Notebook for Toronto City clustering project¶

We will work on extracting borough & neighbourhood information + cleaning + clustering & visualising with Folium¶

1. Establish environment¶

In [16]:

import urllib.request, urllib.parse, urllib.error
from urllib.request import urlopen
from bs4 import BeautifulSoup
import ssl
import re

2. Ignore SSL errors¶

In [17]:

cntxt = ssl.create_default_context()
cntxt.check_hostname = False
cntxt.verify_mode = ssl.CERT_NONE

3. Obtain URL¶

In [19]:

url = input('Please enter the website to obtain data from: ')
if len(url) < 1: url = 'https://en.wikipedia.org/wiki/List_of_postal_codes_of_Canada:_M'

In [20]:

print('You want data from >>>\n', url, '\n<<<')

You want data from >>>
 https://en.wikipedia.org/wiki/List_of_postal_codes_of_Canada:_M 
<<<

4. Open and parse the url¶

In [21]:

#Use a file-handle like object to open the url
html = urlopen(url, context= cntxt).read() #Read slurps everything in #Note that is additional function written at end

#Use BeautifulSoup to parse
soup = BeautifulSoup(html, 'html.parser')

5. Explore¶

In [22]:

type(soup)

Out[22]:

bs4.BeautifulSoup

In [23]:

#Try retrieving 'tr' tags
#print(soup)
tags = soup('tr')
print('Total tags extracted: ', len(tags),'\n')

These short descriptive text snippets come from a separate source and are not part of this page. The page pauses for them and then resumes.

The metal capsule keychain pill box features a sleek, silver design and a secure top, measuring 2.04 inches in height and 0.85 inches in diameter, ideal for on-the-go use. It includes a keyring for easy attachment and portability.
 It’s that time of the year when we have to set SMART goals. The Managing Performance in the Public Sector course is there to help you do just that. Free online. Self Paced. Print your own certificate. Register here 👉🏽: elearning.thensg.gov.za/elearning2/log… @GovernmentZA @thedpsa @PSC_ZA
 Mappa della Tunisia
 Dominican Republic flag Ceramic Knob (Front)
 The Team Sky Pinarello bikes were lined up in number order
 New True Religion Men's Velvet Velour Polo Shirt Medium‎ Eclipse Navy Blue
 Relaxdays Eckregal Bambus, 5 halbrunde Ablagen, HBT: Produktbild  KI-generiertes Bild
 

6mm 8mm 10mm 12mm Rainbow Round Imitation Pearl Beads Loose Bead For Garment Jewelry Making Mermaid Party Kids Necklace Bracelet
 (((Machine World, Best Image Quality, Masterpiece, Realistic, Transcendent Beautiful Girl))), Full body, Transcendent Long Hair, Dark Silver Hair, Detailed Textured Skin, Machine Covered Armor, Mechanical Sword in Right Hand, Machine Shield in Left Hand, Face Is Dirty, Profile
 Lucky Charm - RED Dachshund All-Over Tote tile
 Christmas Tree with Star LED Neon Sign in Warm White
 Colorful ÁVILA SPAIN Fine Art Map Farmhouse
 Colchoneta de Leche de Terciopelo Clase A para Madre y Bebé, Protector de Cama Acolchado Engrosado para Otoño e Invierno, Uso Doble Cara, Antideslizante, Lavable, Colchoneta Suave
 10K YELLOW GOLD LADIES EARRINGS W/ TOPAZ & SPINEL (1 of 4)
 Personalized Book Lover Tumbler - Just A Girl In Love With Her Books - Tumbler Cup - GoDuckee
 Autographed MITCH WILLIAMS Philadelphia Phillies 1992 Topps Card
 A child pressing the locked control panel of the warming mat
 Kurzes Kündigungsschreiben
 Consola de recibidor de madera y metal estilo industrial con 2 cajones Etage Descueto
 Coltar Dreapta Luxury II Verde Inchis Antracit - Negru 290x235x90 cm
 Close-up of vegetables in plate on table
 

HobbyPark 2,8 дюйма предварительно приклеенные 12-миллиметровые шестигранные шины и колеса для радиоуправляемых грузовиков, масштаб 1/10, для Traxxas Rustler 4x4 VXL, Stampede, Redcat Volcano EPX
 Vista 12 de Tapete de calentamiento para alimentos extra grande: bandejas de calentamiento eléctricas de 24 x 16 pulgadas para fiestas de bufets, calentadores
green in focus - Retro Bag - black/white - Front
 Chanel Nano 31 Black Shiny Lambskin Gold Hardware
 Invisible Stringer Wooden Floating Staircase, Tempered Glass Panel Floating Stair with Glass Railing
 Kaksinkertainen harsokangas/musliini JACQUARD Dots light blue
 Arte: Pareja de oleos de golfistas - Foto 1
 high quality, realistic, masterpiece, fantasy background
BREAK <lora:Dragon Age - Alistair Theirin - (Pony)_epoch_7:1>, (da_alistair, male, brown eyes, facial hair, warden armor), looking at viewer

#Look at the tag extracted
count = 0 #Initialise counter to count iterations & if rqd, help break out of loop
dict = {} #Initialise empty dictionary to store postcode as KEY, boroughs and neighbourhoods as VALUES
list = [] #Initialise empty list to hold the borough + neighbourhood info

#Loop through the tags
for i in tags:
    count = count + 1 #Increase counter value beginning through each iteration
    if count == 290: break #For limiting output and stopping the loop from running + length of tags for some reason does not correspond to actual number of elements
    
    #Skip if Borough is Not Assigned
    if i.contents[3].text == 'Not assigned':
        continue
        
    #Skip if text is Postcode
    if i.contents[1].text == 'Postcode':
        continue
    
    #If pincode already exists, eg M5A, M6A, append new data
    if i.contents[1].text in dict: 
        
        # Append the new data to the existing array at this slot with the following NEW SYNTAX
        #dict[existing_key].append(value)
        dict[i.contents[1].text].append(i.contents[5].text.rstrip())
        
    #If borough exists but not the neighbourhood, run the following    
    elif re.search('[a-z]', i.contents[3].text) and re.search('No.*', i.contents[5].text):
        list.append(i.contents[3].text), list.append(i.contents[3].text)
        dict[i.contents[1].text] = list
    else:
        list.append(i.contents[3].text)
        list.append(i.contents[5].text.rstrip())#rstrip gets rid of newline char.
        dict[i.contents[1].text] = list
    
    #Would need to reset the list to empty after each round otherwise each successive iteration will bloat up the key-value
    list = []
    

#print(dict)

print('\nTotal post-codes with borough info:', len(dict))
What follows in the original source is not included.